[Available data]:
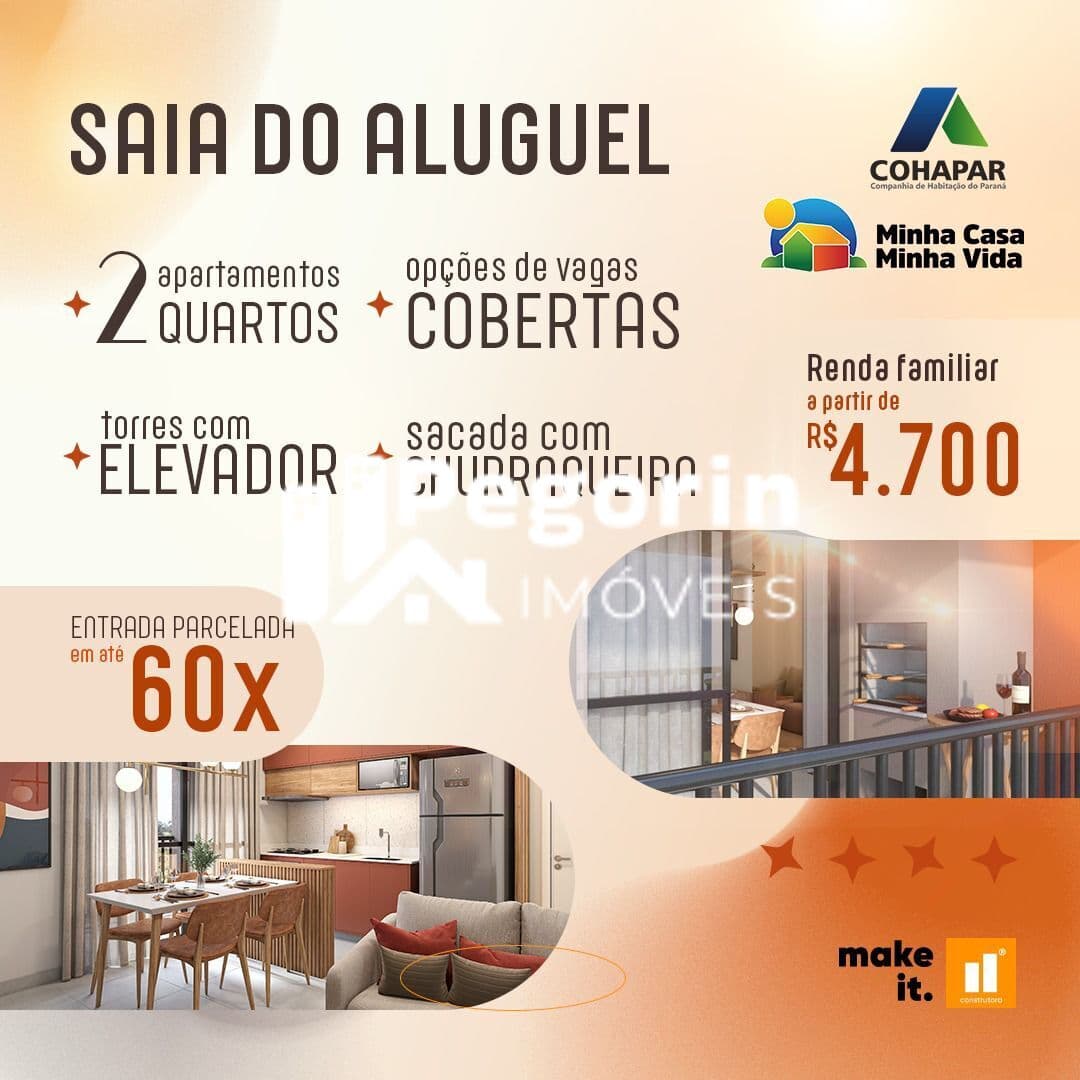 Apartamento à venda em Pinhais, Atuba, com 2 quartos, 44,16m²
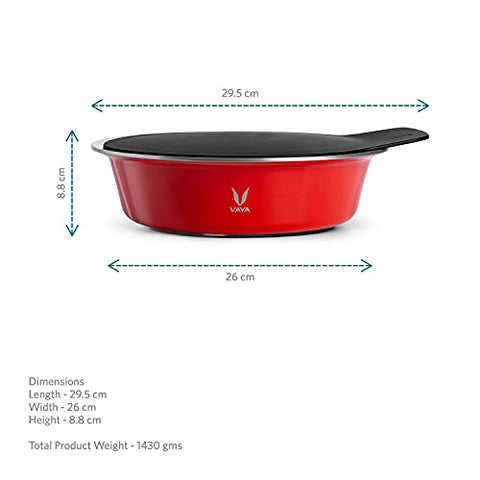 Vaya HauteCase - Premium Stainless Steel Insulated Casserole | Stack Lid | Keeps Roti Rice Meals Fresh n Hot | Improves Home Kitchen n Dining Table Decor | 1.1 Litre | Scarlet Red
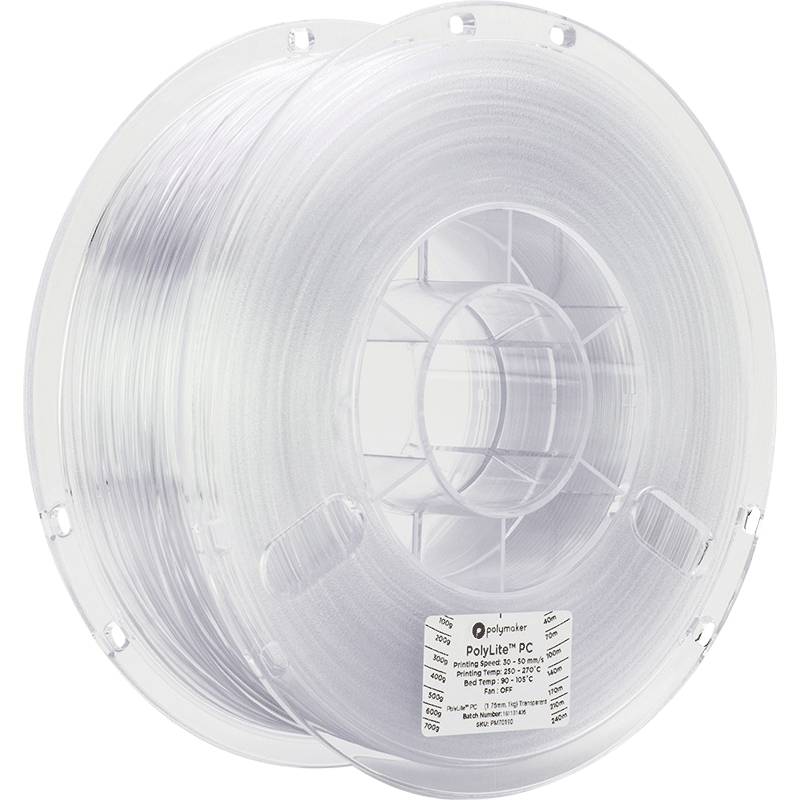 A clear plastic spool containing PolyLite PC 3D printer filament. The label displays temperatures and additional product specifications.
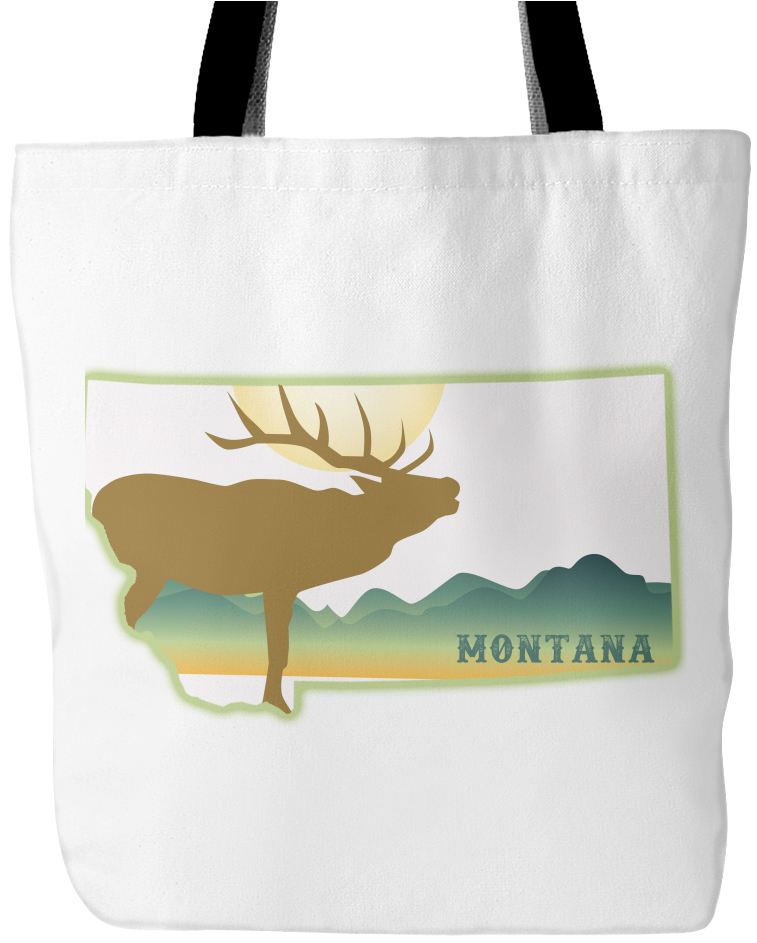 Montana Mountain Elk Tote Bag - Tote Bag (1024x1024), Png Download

[Exercise aim]: Output the data exactly, pictures omitted.

[Exercise response]:
 Apartamento à venda em Pinhais, Atuba, com 2 quartos, 44,16m²
 Vaya HauteCase - Premium Stainless Steel Insulated Casserole | Stack Lid | Keeps Roti Rice Meals Fresh n Hot | Improves Home Kitchen n Dining Table Decor | 1.1 Litre | Scarlet Red
 A clear plastic spool containing PolyLite PC 3D printer filament. The label displays temperatures and additional product specifications.
 Montana Mountain Elk Tote Bag - Tote Bag (1024x1024), Png Download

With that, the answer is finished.